After Tuesday's news that Sen. Joe Lieberman (I-Conn.) will not seek reelection in 2012, two House Democrats considering a run for the seat next year huddled on the House floor.  

Democratic Reps. Joe Courtney (Conn.) and Chris Murphy (Conn.) spoke for close to 15 minutes Tuesday, with both Democrats telling reporters afterwards they're still contemplating the contest. 

"It's something we're looking at and we're going to keep looking at it," Courtney told The Hill. The Democrat said he and Murphy are friends, but that ultimately his decision on whether to enter the race won't hinge on who else jumps in.  

"People are gonna do what they're gonna do, but we'll keep it civil and friendly no matter what," Courtney said, noting that with Lieberman bowing out the race, the contest is likely to attract a sizable field on both sides. 
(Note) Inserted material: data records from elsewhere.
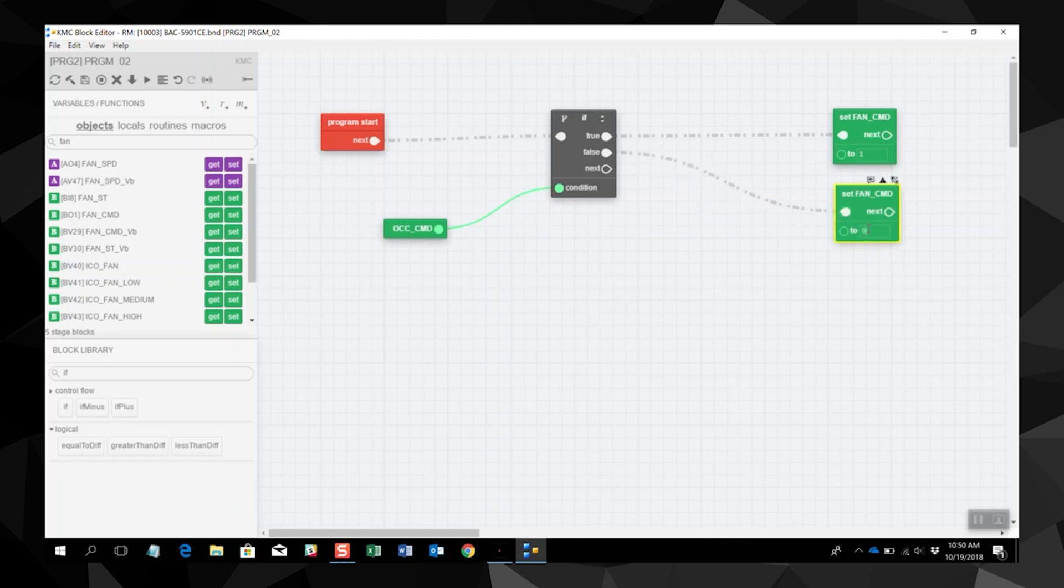Once all blocks are in place and connected, click the compile icon on the toolbar. This is a very basic program.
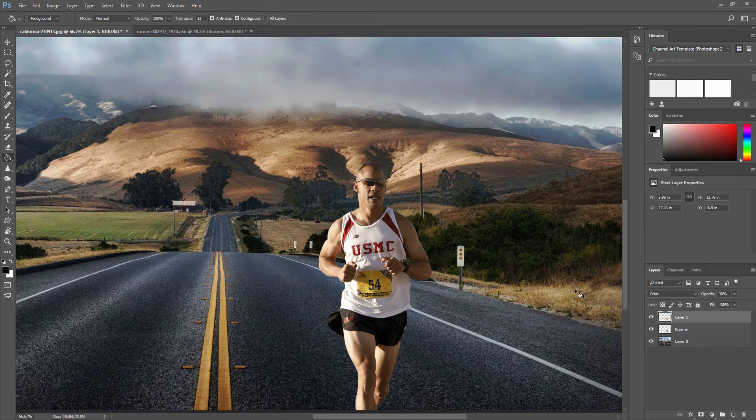When creating a composite image there are several ways to blend the image, this is just one of them. I upload new video tutorials every Monday and Friday. If you found this video helpful, let me know in the comment section. Also if you have not done so already, please consider subscribing.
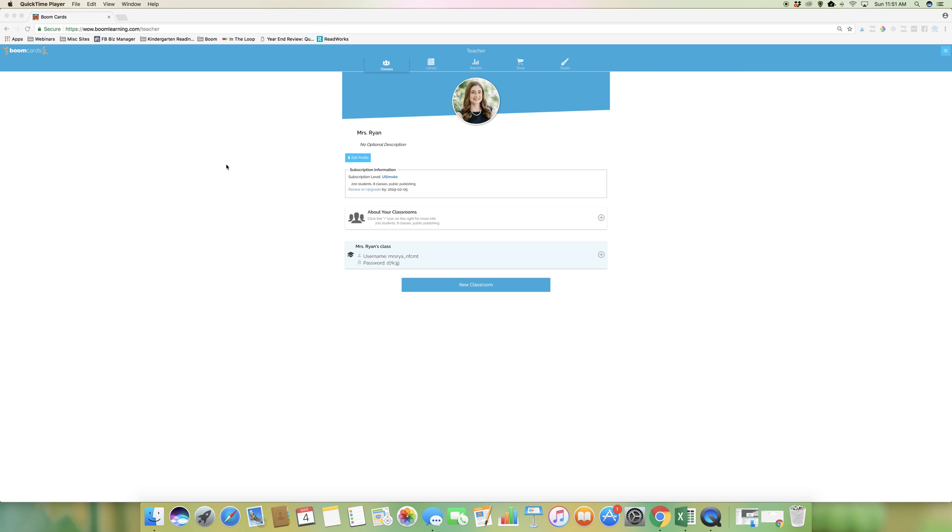In this video, I'm going to show you how to set up your classroom of students in your Boom account.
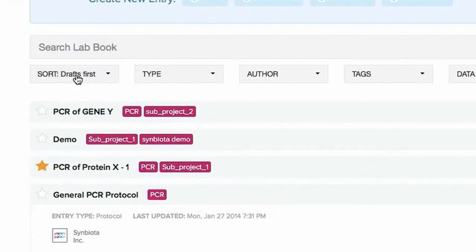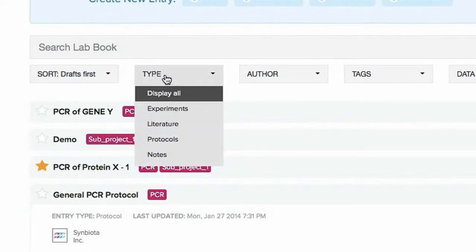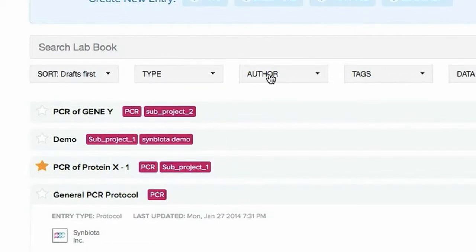You can also sort by entry type such as experiments, literature, protocols, and notes.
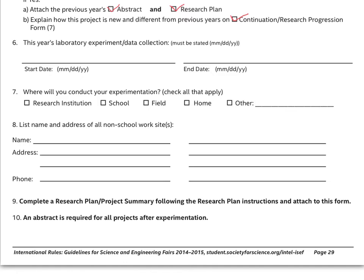Intel ISEF rules and guidelines stipulate that all projects must be approved prior to the experiment being performed. Therefore, this start date has to be after the project has been approved. There is a certain process that we follow for project approvals — a timeline and deadlines that we have set, and it's not an overnight process. You should factor that in when doing your own timeline for when you want to start the experiment and when you anticipate finishing it.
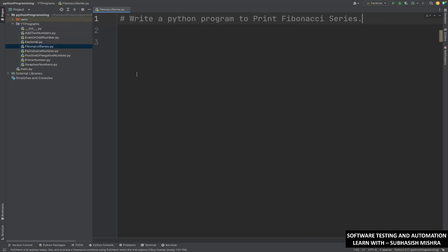Hey guys, this is Vashash Mishra. Today we will learn another Python program. We will see how to write a Python program so we can print Fibonacci series.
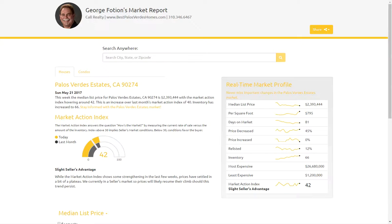The areas that are profiled in my system are Palos Verdes Estates, Rolling Hills, Rolling Hills Estates, Rancho Palos Verdes, Palos Verdes Peninsula, Redondo Beach 90277 and 90278, Torrance 90505 and 90503, Hermosa Beach and Manhattan Beach. And if you've been using my system for a while, you've probably just recently received the new update.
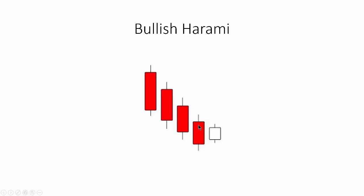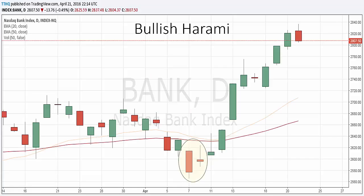Let's take a look at the bank index. As you can see, we have a nice downtrend. We have an open and a close on the first day, and on the second day the open and the close — the real body — trades within the body of the previous day. This is our bullish harami pattern.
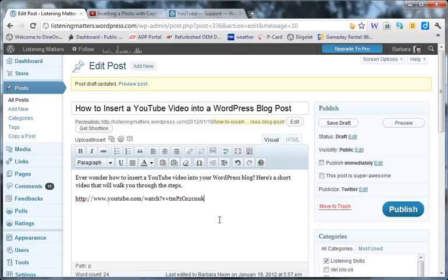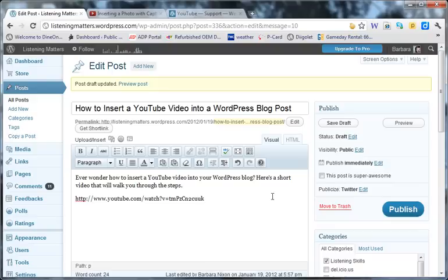You don't want it to be underlined, otherwise it will just show up as a hyperlink in your blog and it won't actually embed the video for you.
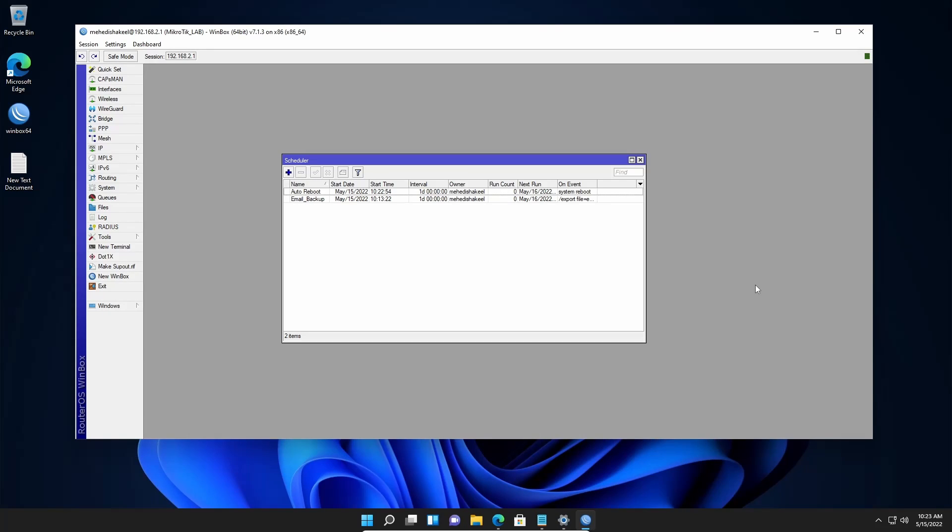So guys, like this you can make your MikroTik router auto reboot every day at a specific time.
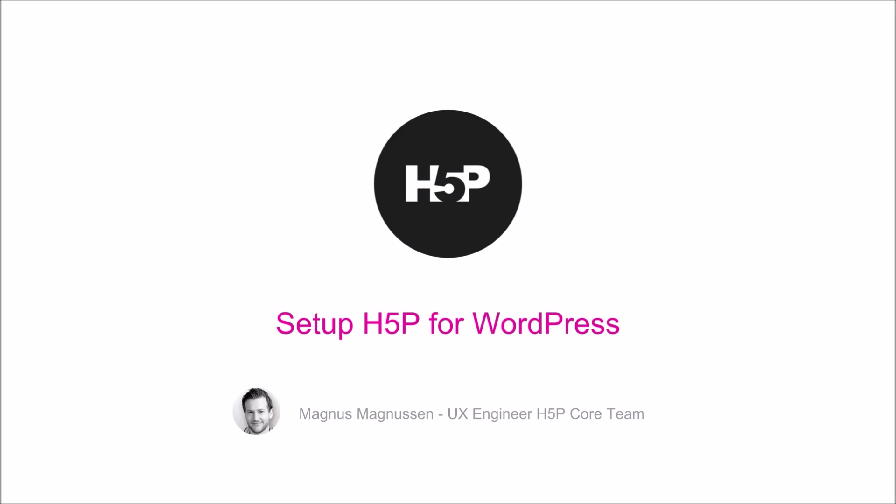Hello and welcome to this screencast where I'll demonstrate how to set up H5P for WordPress. As you may already know, H5P is a plugin for popular content management platforms such as WordPress and Drupal, which allows you to create more interactive and richer content within these platforms.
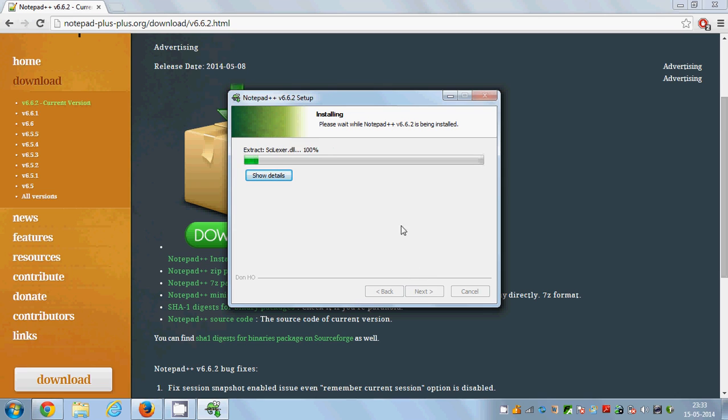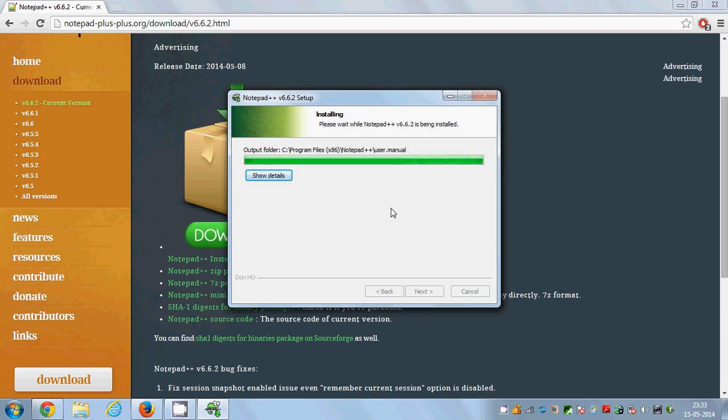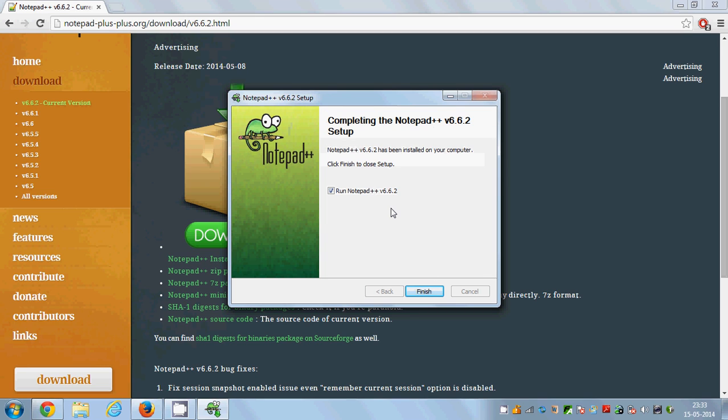It will take a few seconds to install Notepad++. It's very fast. Now you can see Notepad++ is installed in your system.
"This is a tectonic shift in New England politics," he said. "The Senator's been part of the political landscape since the 70's." 

Murphy, who also said he's still deciding on the race, warned Democrats not to take Connecticut for granted in 2012, calling it a "purple" state. 

"A lot of Connecticut voters, especially up in my neck of the woods wind up splitting their tickets," said Murphy. Ultimately, though, the Democrat said given that it's a presidential year, he expects 2012 to be a good one for Democrats statewide. 

"If we have the right candidate on the Democratic line we will absolutely take the seat," he said. 

Lieberman will announce his decision not to seek another term Wednesday in Connecticut, a Democratic source told The Hill Tuesday. 

Former Connecticut Secretary of State Susan Bysiewicz (D) has already jumped into the 2012 race.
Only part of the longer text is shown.